Podar Students Light Up a Sewri Slum
Early October, we at GreenLine got a call from a student from R. A. Podar College of Commerce and Economics, stating that her group would like to do an environmental project, as it were one of the requirements in the management studies course. We agreed and from mid- October, it was decided that the seven students from the college-- Ruchita Waghela, Aparna Gopinath, Urvi Bhandare, Adwait Vaidya, Shardul Khatate, Prathamesh Shirolkar, and Sanjit Tambe would be working in the Sitagad area of Sewri East.
The students started their trips to Sewri on October 16, and their visits went on until November 10, excluding the Diwali week and Sundays. The four main topics that the students decided they wanted to work upon were those of energy use, water wastage, garbage segregation and the benefits of community gardening.
The initial days of the project went into introductions of people and the plans that were underway. The students interviewed a number of families understanding the ways of living and the grievances of the people in the slums. After having interviewed 30 families, the students decided to start working on the energy saving plan.
The plan was not one of grand proportions, and since the people living here lived in slums, their energy problems were different from energy problems that people living in residential buildings face. So one of the ideas was to introduce the water-bottle light in the houses. Fixed in the roofs of the different houses, these simple creations would hopefully save a whole lot of energy, and for these people, more importantly, save up on money that would be used in paying electricity bills.
Besides, this, the children and women, along with the volunteers also dug a compost pit, and an area for growing vegetables. The compost pit would be used for preparing wet compost from their plants, and their vegetables could be used for household as well as small-scale commercial purposes also. That took care of the issues of garbage segregation and of the vegetable garden.
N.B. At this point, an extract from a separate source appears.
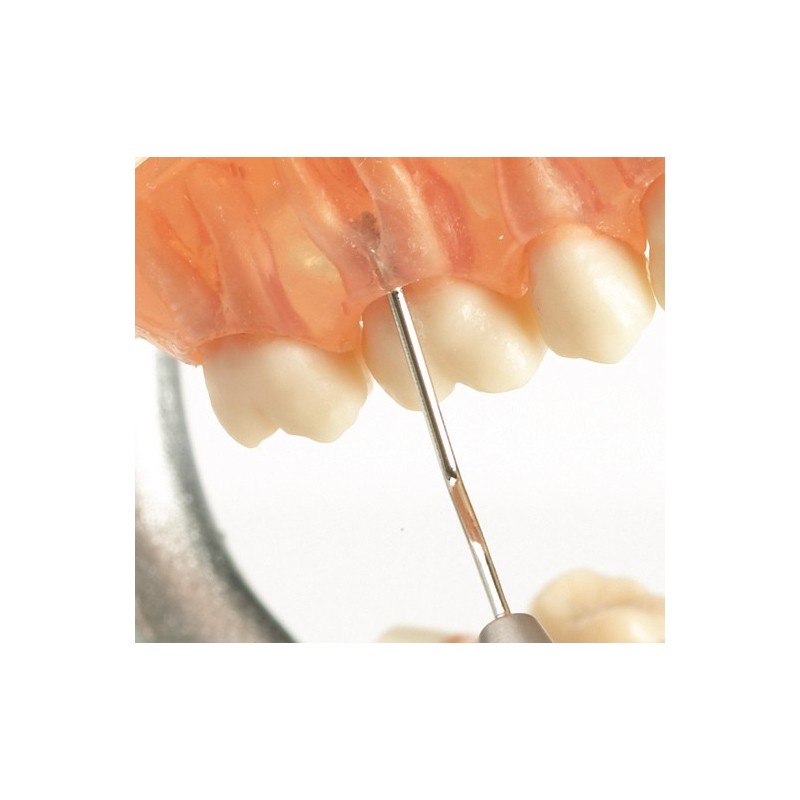 konkav - konvex, Nr. DF2 (mesial-distal)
All in all, though the project itself may have not been a spectacular success, taking into account the people’s disinterest or inability to follow up on the various objectives, one thing was sure— the responsibility of making positive changes to the environment and to public and private lives depends, in a large way on one's readiness to change a few things altogether. Like the houses where we fixed the light bottles, there is the chance that the seed for future positive activity has been sowed.